2. If we have code that repeats in several places across a program, we can "DRY up" that code with a function.
3. If we have code that repeats across several different programs, we can "DRY up" the code with a *library*.

Every programming language supports libraries. This allows us to write functions and data once, and then access those functions/data from numerous programs:

- Dictionary with the months of the year (names + numbers)
- Function for logging into a system with a username and password
- Function that retrieves the latest stock price, given a symbol
- Function that reads from a file and returns the longest word

In Python, we call our libraries "modules." A module contains Python data + functions. But it does more than that. It's also a *namespace*, meaning that it walls off its variables from other variables you might define.

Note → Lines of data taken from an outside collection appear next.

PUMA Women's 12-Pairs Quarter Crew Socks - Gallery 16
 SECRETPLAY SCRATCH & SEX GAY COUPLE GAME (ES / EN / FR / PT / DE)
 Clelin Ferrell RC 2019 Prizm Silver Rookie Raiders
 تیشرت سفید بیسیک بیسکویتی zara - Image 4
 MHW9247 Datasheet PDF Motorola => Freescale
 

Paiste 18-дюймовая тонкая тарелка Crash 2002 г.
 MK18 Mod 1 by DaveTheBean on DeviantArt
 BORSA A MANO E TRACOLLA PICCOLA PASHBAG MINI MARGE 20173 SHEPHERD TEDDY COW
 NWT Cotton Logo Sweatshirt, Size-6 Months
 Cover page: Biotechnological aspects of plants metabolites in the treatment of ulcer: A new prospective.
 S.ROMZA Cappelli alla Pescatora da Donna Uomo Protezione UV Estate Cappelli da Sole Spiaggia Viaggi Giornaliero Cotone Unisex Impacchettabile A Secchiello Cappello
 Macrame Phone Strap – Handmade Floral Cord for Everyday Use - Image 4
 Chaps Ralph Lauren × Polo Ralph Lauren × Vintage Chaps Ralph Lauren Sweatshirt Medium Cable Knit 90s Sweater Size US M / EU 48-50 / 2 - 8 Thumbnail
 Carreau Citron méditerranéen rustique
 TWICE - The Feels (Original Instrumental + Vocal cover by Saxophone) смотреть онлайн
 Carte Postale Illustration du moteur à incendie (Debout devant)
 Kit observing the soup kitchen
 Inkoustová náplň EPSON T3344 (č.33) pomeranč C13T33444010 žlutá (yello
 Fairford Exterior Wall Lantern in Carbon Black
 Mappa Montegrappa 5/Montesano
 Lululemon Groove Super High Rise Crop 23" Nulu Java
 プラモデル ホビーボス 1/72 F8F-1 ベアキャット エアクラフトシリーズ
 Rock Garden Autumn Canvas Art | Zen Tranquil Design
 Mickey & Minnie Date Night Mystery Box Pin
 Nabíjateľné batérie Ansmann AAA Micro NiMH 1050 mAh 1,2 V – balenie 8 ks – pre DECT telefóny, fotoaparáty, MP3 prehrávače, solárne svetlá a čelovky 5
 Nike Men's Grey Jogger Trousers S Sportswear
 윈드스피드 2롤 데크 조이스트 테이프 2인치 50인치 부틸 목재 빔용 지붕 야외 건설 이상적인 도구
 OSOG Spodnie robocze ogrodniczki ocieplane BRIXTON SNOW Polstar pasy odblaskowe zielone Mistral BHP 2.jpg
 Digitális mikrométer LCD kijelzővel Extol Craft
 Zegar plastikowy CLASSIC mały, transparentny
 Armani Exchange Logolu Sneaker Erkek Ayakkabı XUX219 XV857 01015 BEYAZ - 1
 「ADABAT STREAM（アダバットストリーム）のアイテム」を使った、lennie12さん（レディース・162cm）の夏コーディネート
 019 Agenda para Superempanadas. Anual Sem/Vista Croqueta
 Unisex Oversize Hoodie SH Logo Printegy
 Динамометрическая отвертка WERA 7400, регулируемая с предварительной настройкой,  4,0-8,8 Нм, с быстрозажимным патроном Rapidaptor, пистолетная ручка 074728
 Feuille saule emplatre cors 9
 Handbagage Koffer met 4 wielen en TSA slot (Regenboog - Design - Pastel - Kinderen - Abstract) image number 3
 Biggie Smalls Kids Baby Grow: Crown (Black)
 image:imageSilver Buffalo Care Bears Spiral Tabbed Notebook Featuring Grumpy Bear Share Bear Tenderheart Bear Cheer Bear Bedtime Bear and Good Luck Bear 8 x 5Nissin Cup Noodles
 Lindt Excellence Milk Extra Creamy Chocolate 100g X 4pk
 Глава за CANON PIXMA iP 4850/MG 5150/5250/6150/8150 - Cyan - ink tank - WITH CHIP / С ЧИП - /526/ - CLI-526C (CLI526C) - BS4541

Imagine that you write a program with a function `hello`, and then you load a module that also defines a function `hello`. You don't want to have a "namespace collision," where it's unclear which `hello` is now defined. By putting any definitions in a namespace, you avoid this sort of problem. You can think of namespaces as last names, or surnames, for your variables. 



# How do we use modules?

In Python, we load modules using the `import` statement. It looks a bit weird, but it's one of the most common things to put in a Python program.

Some things to consider about `import`:

- It's not a function. Don't use parentheses with it. You write `import`, a space, and then the module you want to import.
- In other languages, you often pass the name of the library you want to load as a string, in quotes. Not so in Python! Here, the name of the module you give is actually the variable name you want to define.

In [8]:
# let's say I want a random integer
# I can use the "random" module for that, and the "randint" function in that module

import random

# after this line runs, "random" is defined as a variable

type(random)

module

In [9]:
# if I want to use a function defined in the random module, I say random.FUNCNAME()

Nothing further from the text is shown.